Para Renato Meirelles, presidente do
instituto de pesquisas do instituto de pesquisas Data Popular, esse tipo de
iniciativa coloca barreiras à saída do funcionário, principalmente dos que atuam
em funções cuja remuneração não é alta. "Quando você cria esse ecossistema, o
ônus passa a ser muito maior do que simplesmente trocar um salário por outro",
diz. Segundo ele, algumas empresas também têm utilizado a técnica para aumentar
a assiduidade em call centers e em outras funções operacionais. "Elas criam um
benefício, como uma cesta básica para a mãe, e com isso ganham um aliado que
reforça o comprometimento do empregado com a
empresa."
Na Renault, a estratégia é trazer a
família para as dependências da companhia sempre que possível.
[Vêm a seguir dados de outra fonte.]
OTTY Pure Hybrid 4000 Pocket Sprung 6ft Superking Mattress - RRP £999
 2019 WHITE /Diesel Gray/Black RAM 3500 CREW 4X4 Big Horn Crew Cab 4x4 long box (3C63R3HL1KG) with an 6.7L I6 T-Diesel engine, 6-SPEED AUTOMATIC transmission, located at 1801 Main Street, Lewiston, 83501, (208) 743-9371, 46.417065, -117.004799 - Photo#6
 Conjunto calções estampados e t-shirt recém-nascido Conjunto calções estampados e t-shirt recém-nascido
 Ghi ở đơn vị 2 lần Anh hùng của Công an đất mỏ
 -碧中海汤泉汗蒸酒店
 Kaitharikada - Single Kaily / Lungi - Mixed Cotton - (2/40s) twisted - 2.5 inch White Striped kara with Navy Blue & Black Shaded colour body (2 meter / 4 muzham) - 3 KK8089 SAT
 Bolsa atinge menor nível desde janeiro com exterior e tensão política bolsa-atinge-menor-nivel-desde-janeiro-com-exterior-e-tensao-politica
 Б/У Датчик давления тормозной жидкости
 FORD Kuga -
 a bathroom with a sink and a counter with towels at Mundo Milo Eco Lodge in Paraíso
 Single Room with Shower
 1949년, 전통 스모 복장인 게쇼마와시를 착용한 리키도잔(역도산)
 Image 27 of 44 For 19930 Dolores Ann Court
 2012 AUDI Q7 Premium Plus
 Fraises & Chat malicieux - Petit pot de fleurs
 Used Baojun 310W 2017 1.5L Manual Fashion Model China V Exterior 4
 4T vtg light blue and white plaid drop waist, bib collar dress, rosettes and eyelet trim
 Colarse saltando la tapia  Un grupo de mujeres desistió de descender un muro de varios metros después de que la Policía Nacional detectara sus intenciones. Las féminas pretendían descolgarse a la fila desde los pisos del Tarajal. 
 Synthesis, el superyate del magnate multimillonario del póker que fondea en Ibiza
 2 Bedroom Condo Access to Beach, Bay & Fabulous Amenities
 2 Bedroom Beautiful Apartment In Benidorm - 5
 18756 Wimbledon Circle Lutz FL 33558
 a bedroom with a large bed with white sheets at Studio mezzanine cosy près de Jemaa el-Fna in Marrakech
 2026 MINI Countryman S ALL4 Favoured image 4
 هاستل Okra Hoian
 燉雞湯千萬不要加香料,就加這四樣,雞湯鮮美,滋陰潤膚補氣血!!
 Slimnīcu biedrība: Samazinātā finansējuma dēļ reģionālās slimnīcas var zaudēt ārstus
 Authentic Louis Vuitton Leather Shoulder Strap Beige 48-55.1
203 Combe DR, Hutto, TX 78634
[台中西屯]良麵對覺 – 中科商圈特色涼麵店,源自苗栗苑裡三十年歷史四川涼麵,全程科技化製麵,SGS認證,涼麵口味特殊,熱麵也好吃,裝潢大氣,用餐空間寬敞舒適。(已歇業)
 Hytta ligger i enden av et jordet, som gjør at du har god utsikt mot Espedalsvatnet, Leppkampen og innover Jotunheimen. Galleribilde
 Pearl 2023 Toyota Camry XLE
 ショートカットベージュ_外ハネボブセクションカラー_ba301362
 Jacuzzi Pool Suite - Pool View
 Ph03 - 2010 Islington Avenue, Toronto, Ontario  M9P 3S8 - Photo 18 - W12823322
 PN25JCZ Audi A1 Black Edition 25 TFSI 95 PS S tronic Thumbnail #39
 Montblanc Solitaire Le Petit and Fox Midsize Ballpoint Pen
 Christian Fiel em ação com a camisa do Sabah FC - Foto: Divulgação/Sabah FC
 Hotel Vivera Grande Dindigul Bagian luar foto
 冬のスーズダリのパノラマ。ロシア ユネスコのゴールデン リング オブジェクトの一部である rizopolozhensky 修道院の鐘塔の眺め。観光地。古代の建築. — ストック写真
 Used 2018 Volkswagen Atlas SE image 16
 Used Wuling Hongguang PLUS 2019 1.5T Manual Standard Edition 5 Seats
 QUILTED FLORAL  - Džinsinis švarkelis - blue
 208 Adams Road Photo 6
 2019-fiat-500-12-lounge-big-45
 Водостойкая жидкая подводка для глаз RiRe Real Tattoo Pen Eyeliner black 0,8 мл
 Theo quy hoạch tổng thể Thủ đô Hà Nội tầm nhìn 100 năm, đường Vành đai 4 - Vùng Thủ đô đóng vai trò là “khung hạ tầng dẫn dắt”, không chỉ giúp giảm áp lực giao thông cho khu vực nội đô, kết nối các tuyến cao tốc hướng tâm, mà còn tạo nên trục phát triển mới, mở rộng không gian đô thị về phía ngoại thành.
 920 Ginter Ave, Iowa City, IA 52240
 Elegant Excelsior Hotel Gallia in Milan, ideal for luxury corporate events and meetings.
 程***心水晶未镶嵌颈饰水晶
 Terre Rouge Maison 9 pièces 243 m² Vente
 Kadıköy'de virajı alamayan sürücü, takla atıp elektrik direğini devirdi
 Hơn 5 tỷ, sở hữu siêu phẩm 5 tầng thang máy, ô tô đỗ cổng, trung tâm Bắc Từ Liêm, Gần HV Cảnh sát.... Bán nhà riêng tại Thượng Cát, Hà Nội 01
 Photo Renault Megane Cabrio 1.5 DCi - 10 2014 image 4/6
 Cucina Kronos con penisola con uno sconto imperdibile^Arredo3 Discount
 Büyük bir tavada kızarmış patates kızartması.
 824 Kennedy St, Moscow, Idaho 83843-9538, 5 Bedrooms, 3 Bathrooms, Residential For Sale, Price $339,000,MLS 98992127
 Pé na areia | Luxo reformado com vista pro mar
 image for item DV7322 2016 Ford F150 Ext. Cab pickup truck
Duas vezes por
mês , a empresa promove visitas guiadas de familiares à fábrica, em São José dos
Pinhais, no Paraná. São oferecidos 60 vagas por turma, e a procura sempre é
maior do que a oferta. O objetivo é causar a melhor impressão possível. Por
isso, a experiência começa com uma van , que vai até a casa do funcionário
buscar a família. Ao chegar ao complexo, eles são recebidos por uma equipe de
recreação - afinal, as crianças comparecem em peso, até mesmo as de colo - e
passam o dia conhecendo as dependências da empresa, acompanhados o tempo todo
pelo funcionário. "Ele se sente prestigiados e orgulhosos do que faz", diz Ana
Camargo, diretora de RH da Renault.
Segundo a executiva, a ação tem um impacto não só na retenção mas também na
reputação da empresa. "Eles saem daqui entendendo melhor como é o dia a dia do
familiar no trabalho e também admirando a marca. Viram verdadeiros defensores",
diz Ana.
Revista VocêRH | Jornalista Daniela
Moreira.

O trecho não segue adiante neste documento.